Quality is doing what matters to the patient. If we accept, even endorse, patients’ right to decide whether or not to be resuscitated if their hearts should stop, aren’t we then also allowed to listen to our patients and together with them formulate a care plan that they feel comfortable with for their chronic illness without fear of retribution by some Government or insurance reviewer for not following some more or less arbitrary guideline?

Quality is a word that lacks universal meaning. Every dictionary I have looked in has scores of definitions. It is a word people use for their own purposes.

We must be careful about letting others define the standards for our profession. If people with a more financial and less scientific and humanistic viewpoint set all the standards, technicians and computers will replace doctors.

The quality of a church service is, in my opinion, not adequately measured by how freshly painted the murals are, how well matched the choir uniforms are, how well-shaven the minister is or how clear his voice is when he puts his notes aside and speaks from the heart. If the Government were to set quality standards for churches, those things might be major quality indicators.

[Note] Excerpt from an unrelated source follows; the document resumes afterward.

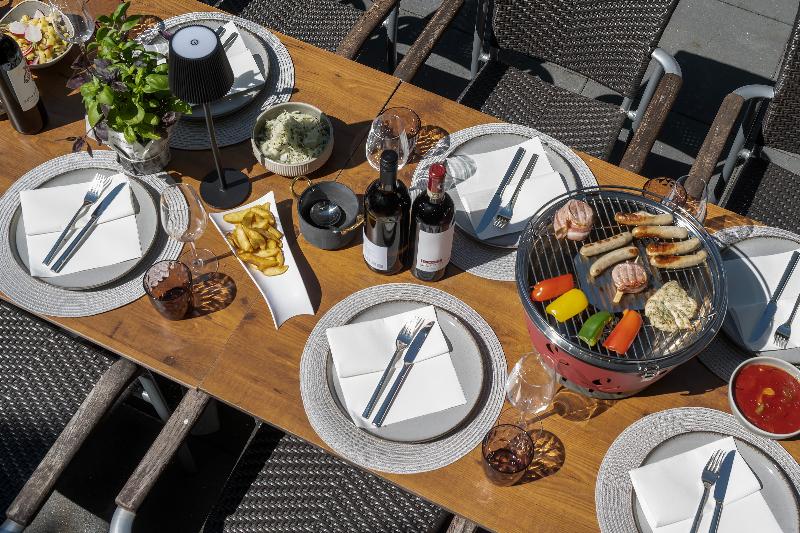 Leonardo Hotel Hannover - Teras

Fortunately, Church and State are separate in this country; health care and Government are no longer.

Health care, like religion, has a lot of intangibles, and even its substance is the source of many disagreements. I think that just like people go to church for different reasons, they seek health care for enough different reasons that our quality measures need to be very patient-centered, without losing sight of our “substance”, our foundation of science and humanity.

Quality is about addressing both the intangibles and the substance. Most of us know it when we experience it ourselves; the problem is building systems that guarantee it.

A Samurai Physician’s Teachings

Every now and then the title of a book influences your thinking even before you read the first page.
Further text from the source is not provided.